The death of Edward IV

Nov 2013
1
Wisconsin USA
#81
I think that Crystal Rainbow has done not her research very well, or indeed knows very much about this time period. If she did, she would know that it was customary for noble families, yes even royal ones, to send their children to other noble households to be educated. Indeed Edward IV and his brothers were all educated by the Earl of Warwick, if I am not mistaken.
 

Clemmie

Ad Honorem
Oct 2010
3,629
Florida
#83
I think that Crystal Rainbow has done not her research very well, or indeed knows very much about this time period. If she did, she would know that it was customary for noble families, yes even royal ones, to send their children to other noble households to be educated. Indeed Edward IV and his brothers were all educated by the Earl of Warwick, if I am not mistaken.
She dislikes the Woodvilles.
 

Clemmie

Ad Honorem
Oct 2010
3,629
Florida
#84
Originally posted by Crystal Rainbow:

... As documentary has pointed out about the timing of Edward birth seems to be interesting. Dominic Mancini had claimed that Cecily, Duchess of York mother of both Edward, and Richard, flew into a rage and in her anger declared Edward a bastard when she had found out that Edward had married Elizabeth Woodville...
I had to smile when I read this again; I wonder how often mothers have flown into a rage at something their offspring have done that angers them and said something just like that. I don't think, if true, it necessary means anything about Edward's parentage.

:D
 

SPERRO

Ad Honorem
Mar 2011
3,480
North East England
#85
Originally posted by Crystal Rainbow:



I had to smile when I read this again; I wonder how often mothers have flown into a rage at something their offspring have done that angers them and said something just like that.
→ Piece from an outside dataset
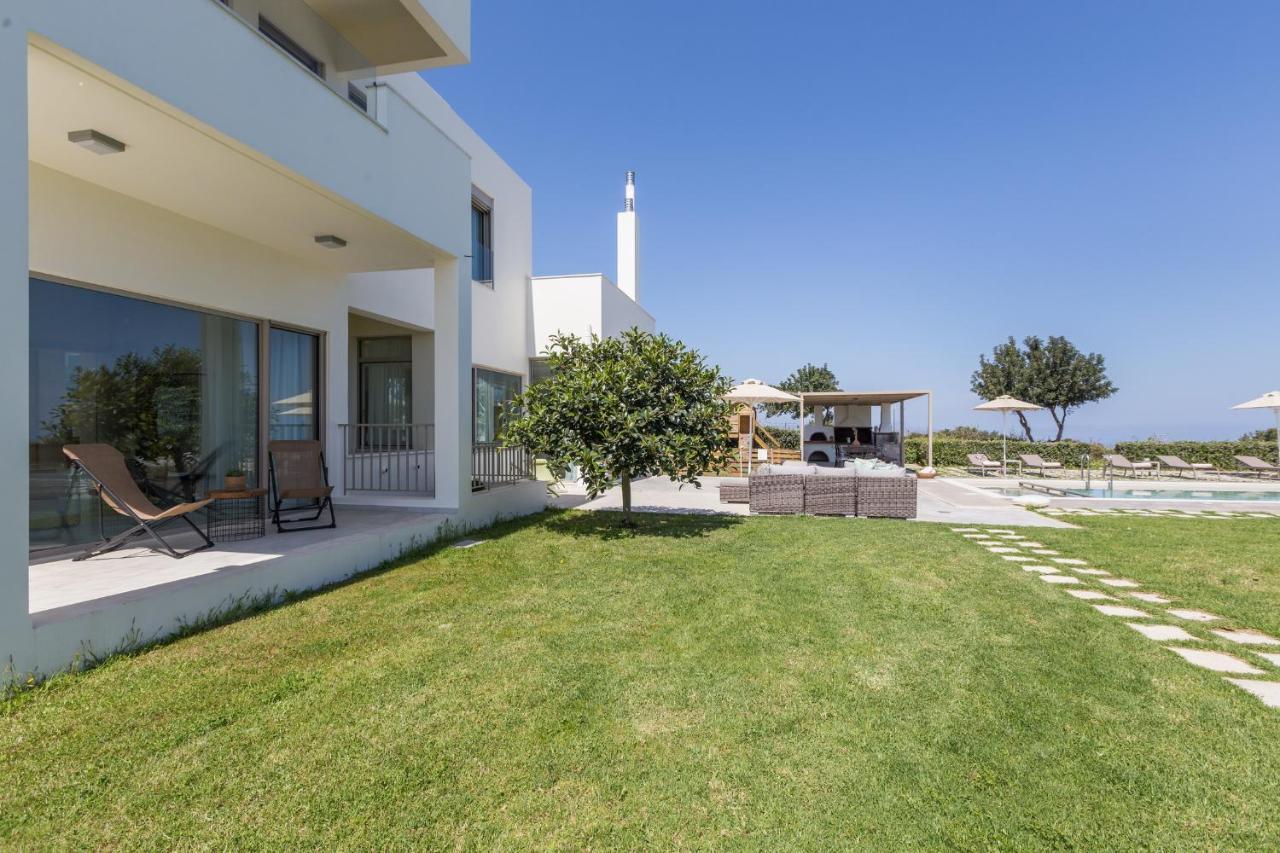 Lux Villa Mia With Heated Pool, 2Km To Beach & Childrens Area! Mikro Metochi Bagian luar foto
I don't think, if true, it necessary means anything about Edward's parentage.

:D
I concur with that point of view. We cannot possibly know what thoughts passed through peoples minds when this became public knowledge.

I would assume that most of the nobility wished for a lasting peace with France, endorsed by Edward marrying a French princess. If we are to believe that Warwick was manipulating matters to this end, it would appear that most would wish it so.
 
Feb 2011
9,998
Cumbernauld Scotland
#86
I think that Crystal Rainbow has done not her research very well, or indeed knows very much about this time period. If she did, she would know that it was customary for noble families, yes even royal ones, to send their children to other noble households to be educated. Indeed Edward IV and his brothers were all educated by the Earl of Warwick, if I am not mistaken.
I have just noticed that my first post has had 11,704 views on this thread from google. One of my blogs seems to have well over 5500 views. Hello and welcome to Historum.:)
 

Louise C

Ad Honorem
Jan 2011
7,239
Southeast England
#87
I have just noticed that my first post has had 11,704 views on this thread from google. One of my blogs seems to have well over 5500 views. Hello and welcome to Historum.:)
That doesn't really answer the point raised though, which is that sending noble children away to be raised in other noble households was normal practice at this time. The number of people who have looked at your post is irrelevent.
 
Last edited:
Nov 2015
3
Frome
#88
Controversial marriage to Anne Neville bringing him much wealth and land. He invested much time and effort into securing popularity in the North, he knew should he ever need it he would have much support there?
 
Nov 2015
3
Frome
#89
Thibault Sorry, Louise - I meant what is your evidence for his ambition before the death of E4.

Controversial marriage to Anne Neville? bringing him much wealth and land. He invested much time and effort into securing popularity in the North, he knew should he ever need it he would have much support there?
 
Dec 2012
888
UK
#90
Richard was sent to the north by Edward IV to keep an eye on an area which was largely Lancastrian in sentiment and which could have been a problem for the government in London. His marriage to Anne Neville certainly brought him support, as she had inherited land in the north from her parents.

Edward IV originally wanted Richard to keep an eye on Wales and the Welsh Marches, giving him land there, but later changed his mind and sent him north.

Richard did create a very effective affinity in the north - Horrox has written quite extensively about this.